Lola Valentina has implemented a reusable packaging system from FedEx and Returnity to support growth in event rental logistics.
The Chicago-area design firm and linen rental company is using the reusable box solution inside existing FedEx parcel workflows. The system was developed by FedEx with Returnity, a reusable packaging provider focused on circular logistics, and is designed for managed, closed-loop B2B shipping environments where shipments move repeatedly between known parties.
Lola Valentina launched through a packaging leasing programme, giving the company access to reusable boxes without buying and managing its own container fleet. FedEx and Returnity provide onboarding, training, and support, while the shipper uses the boxes within the existing parcel network.
The company expanded the programme within the first six weeks, requesting additional boxes to support rising demand. Event rental logistics gives reusable packaging a natural operating loop: products are shipped out, used at events, returned, cleaned, stored, and shipped again for future bookings. The box becomes part of the repeat asset cycle rather than a disposable outer layer.

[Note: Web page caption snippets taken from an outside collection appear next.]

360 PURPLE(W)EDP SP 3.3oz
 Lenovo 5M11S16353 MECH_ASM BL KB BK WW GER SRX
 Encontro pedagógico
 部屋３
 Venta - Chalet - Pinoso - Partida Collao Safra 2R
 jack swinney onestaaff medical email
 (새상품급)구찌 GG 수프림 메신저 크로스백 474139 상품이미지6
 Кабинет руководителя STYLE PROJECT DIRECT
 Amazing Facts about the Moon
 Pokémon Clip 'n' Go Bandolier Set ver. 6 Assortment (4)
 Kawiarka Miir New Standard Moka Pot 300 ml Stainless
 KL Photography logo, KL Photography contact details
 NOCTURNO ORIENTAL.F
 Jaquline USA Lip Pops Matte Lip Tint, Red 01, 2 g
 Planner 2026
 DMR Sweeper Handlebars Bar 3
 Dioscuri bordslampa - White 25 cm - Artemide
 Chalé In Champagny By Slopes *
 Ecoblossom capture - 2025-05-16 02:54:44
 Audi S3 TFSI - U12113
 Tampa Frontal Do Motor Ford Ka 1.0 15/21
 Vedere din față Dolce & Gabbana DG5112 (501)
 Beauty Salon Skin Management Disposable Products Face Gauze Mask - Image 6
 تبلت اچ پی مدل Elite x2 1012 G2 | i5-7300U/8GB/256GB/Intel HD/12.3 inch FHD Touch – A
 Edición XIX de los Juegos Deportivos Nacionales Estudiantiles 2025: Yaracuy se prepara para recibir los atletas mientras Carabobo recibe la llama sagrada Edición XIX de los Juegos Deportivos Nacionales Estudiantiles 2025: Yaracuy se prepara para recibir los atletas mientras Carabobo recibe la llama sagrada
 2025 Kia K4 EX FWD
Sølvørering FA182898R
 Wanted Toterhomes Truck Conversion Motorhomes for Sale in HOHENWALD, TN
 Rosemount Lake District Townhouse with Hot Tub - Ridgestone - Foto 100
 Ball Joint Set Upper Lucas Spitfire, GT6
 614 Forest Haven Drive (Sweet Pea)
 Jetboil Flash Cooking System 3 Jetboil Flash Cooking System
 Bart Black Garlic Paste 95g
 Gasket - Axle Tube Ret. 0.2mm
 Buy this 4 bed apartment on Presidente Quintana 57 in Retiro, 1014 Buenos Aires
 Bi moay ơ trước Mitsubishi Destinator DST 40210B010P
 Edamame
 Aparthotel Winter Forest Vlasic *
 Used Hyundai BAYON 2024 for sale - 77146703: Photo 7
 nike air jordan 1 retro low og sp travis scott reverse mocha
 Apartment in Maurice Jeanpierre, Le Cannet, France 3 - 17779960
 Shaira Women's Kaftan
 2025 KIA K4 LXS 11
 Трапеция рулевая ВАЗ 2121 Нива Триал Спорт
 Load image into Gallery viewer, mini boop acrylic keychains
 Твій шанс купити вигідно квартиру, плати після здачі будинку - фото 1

Reusable packaging has often struggled where returns are unpredictable. Open consumer ecommerce flows can leave packaging stranded, delayed, damaged, or uneconomic to recover. Closed-loop B2B and rental-based shipping offers a stronger operating case because the same parties handle repeat movements and the return path is already part of the service.
The FedEx and Returnity system was designed to address cost, complexity, and compatibility barriers that have limited wider adoption in parcel networks. The boxes are durable, collapsible, automation-friendly, and engineered for up to 50 shipment cycles, with capacity for up to 50lb of goods. The system has been presented as capable of reducing packaging spend by up to 30% per cycle and cutting carbon emissions by 64% to 88% compared with single-use corrugated packaging under typical conditions, based on a non-return rate of 40% or less.
Lola Valentina’s use case brings the operational side of sustainability into view. Linen rental depends on presentation, reliability, return discipline, and customer convenience. Packaging has to protect product condition, simplify returns, and support repeat handling without adding unnecessary administration. A leasing model removes some of the capital and management burden that can make reusable packaging difficult for smaller or fast-growing businesses.
Packaging costs are already becoming more visible across supply chains as corrugated use, waste regulation, and data requirements change procurement decisions. The same financial pressure sits behind EPR assessments and packaging cost reduction, where better data and material choices can directly affect compliance exposure. Reusable parcel formats attack the issue from another direction by reducing single-use packaging demand where circulation can be controlled.
The model will not suit every flow. Reusable packaging works best where shipments are frequent, returns are predictable, product protection has clear value, and the packaging can remain in circulation long enough to repay its higher initial cost. Low-frequency, one-way, or heavily fragmented shipments make the economics more difficult because lost or delayed boxes undermine both cost and carbon savings.
Repeat-use B2B shipping offers a more practical starting point. Event rentals, store replenishment, field service, internal transfers, uniforms, equipment, soft goods, and repair loops already contain predictable returns. In those environments, reusable packaging can be introduced as an operational tool rather than a sustainability add-on.
Lola Valentina’s early expansion suggests that the leasing model can lower the threshold for adoption. The company does not need to build a circular packaging system from scratch, buy a large box fleet, or redesign its carrier relationships. It can add reusable packaging inside a parcel workflow it already understands.
The adoption gives FedEx and Returnity a working B2B example beyond pilot language. More importantly, it shows where reusable packaging is most likely to scale first: not in chaotic one-way parcels, but in repeat logistics loops where the box has a job to do on the return leg as well as the outbound journey.